I held my Greek flag over my head in disbelief and shock at what just happened. Here’s a guy I’d been cussing out for the past two hours – no, two weeks!!! – lining up to take a penalty that could launch Greece into the Round of 16 at the World Cup Finals – further than Greece has ever gone before.
“What happened?”, my friend Mike asked.
“A miracle. Samaras has a chance to win the game. This is unreal!”
“What? The guy you’ve been calling a neanderthal all game? You literally just said you would be happy if he never plays for Greece again. Well. That’s ironic.”
It felt like the longest two minutes of my Greek football fandom. So many things were running through my head. Glory at Euro 2004. Shame at World Cup 1994. Countless players, good and bad. Otto. My friends and family back home and in Greece watching what was about to unfold.
Samaras – Don’t. Screw. This. Up.
I couldn’t bear to watch. I lifted the flag just above my eyes as the referee gave the signal to take the penalty.
Samaras went in motion. The keeper lunged to his left. The ball was in the back of the net.
I yelled at the top of my lungs. I lost my voice. Then I yelled some more.
90% of the fans in the stadium were sitting in stunned silence. The Greeks scattered among the crowd were elated. Against all odds. Against 50,000 people who were earlier chanting Didier Drogba’s name.
For three games, the entire crowd had been against us.

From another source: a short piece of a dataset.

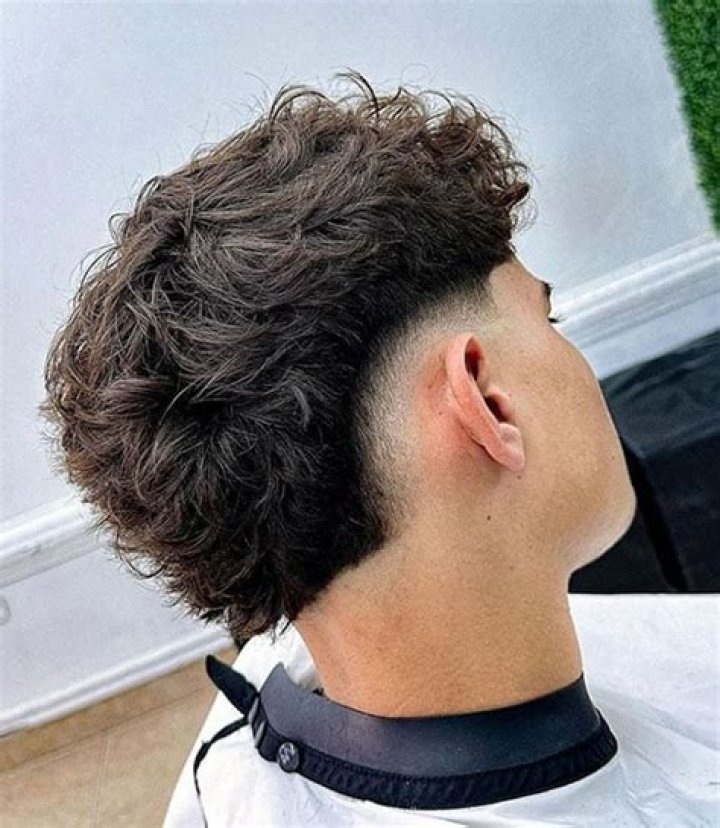 Achieve A Dapper Look With The Ultimate Low Burst Fade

It seemed like nobody wanted us in Brazil. We were the ugly ducklings of the World Cup. The “boring” team that can’t score goals. The one that always seems to play a beautiful defensive game that’s never appreciated. The team that’s rarely given the respect it deserves. But tonight, we had the last laugh.
I woke up in the morning with the feeling something great was going to happen. Things in Fortaleza were moving along smoothly. The shuttles were organized, the FIFA Fan Store actually had more than just Brasil stuff (ok, Germany, Mexico, and Spain only, but it’s a start), and the concessions were stocked with food.
After the national anthems were sung, I settled in to what I expected to be a great game. I was wrong. The first 35 minutes of the game were horrendous to watch. I couldn’t help but question Fernando Santos’ strategy. Were we trying to bore Ivory Coast to death?
It got worse. Panagiotis Kone had to be subbed out. He had been one of our best players in the previous two games. Then it got even worse. I almost lost all confidence when Orestis Karnezis was subbed. Our keeper? Now we only have one more sub for the final 60 minutes? This is bad. This is really, really bad.
Things surprisingly picked up after that. José Holebas hit the crossbar on a beautiful shot from just outside the box. And just a few minutes from the half, Andreas Samaris, subbed on for Kone, scored Greece’s first goal of the 2014 World Cup on a quick counter-attack.
1-0. We were going into the half with a lead. I felt it wouldn’t be enough. I knew Ivory Coast would pile on the pressure in the second frame.
A great shot by Dimitris Salpingidis was turned away at the hour mark. Georgios Karagounis nearly sealed the deal a few minutes later but instead hit Greece’s second crossbar of the night. We were clearly outplaying them and I was proud of the effort by almost all of the players on the pitch.
Then, disaster. Wilfried Bony tied the game for Ivory Coast. A draw wouldn’t be enough for Greece. We needed a win and only a win.
I was relieved when Didier Drogba came off and Ivory Coast got more defensive. This is a team that struggles to defend and had already been giving Greece a lot of space and chances throughout the game.
But as the minutes ticked away, I was getting more and more nervous.
And then, it happened. Samaras was brought down in the box, and the rest is history.
I celebrated with the Greek fans outside the stadium for a good half hour, chanting and singing as much as my voice allowed.
Walking back to the bus, not one person complained to me about the penalty. Although I had yet to see a clear replay, BBC claimed the penalty shouldn’t have been called and that Greece hadn’t been a threat (what game were they watching?). When I finally got to watch a replay and read more accurate game reports, it was clear that the right call had been made. No controversy.
Unfortunately for me, my World Cup has come to an end. I won’t be traveling with the boys to Recife for the game against Costa Rica. Instead, I’ll be watching with a small group of Greeks in Santiago, Chile. I’m headed to Buenos Aires on Thursday morning.
I’ll have one more World Cup update with some memories and thoughts about my trip to Brazil, the tournament, and some bests and worsts. After that, I’ll continue updating with my travel tips and photos – I have a lot of updates to write about Brazil!
But most importantly, I have to thank the boys at Greek Sports and Social Network (GSSN) in Chicago for featuring my blog posts throughout the World Cup. I really appreciate it and I’m humbled by all of the support I’ve received from everyone who’s been reading. My blog hits have more than doubled since the World Cup, all thanks to Dino and George.
Finally, to Georgios Samaras – for all the name calling and moutzes I’ve thrown your way the past few years – μπράβο. I at least owe you that one. But it doesn’t change anything.
Until my final World Cup post, good night from Fortaleza.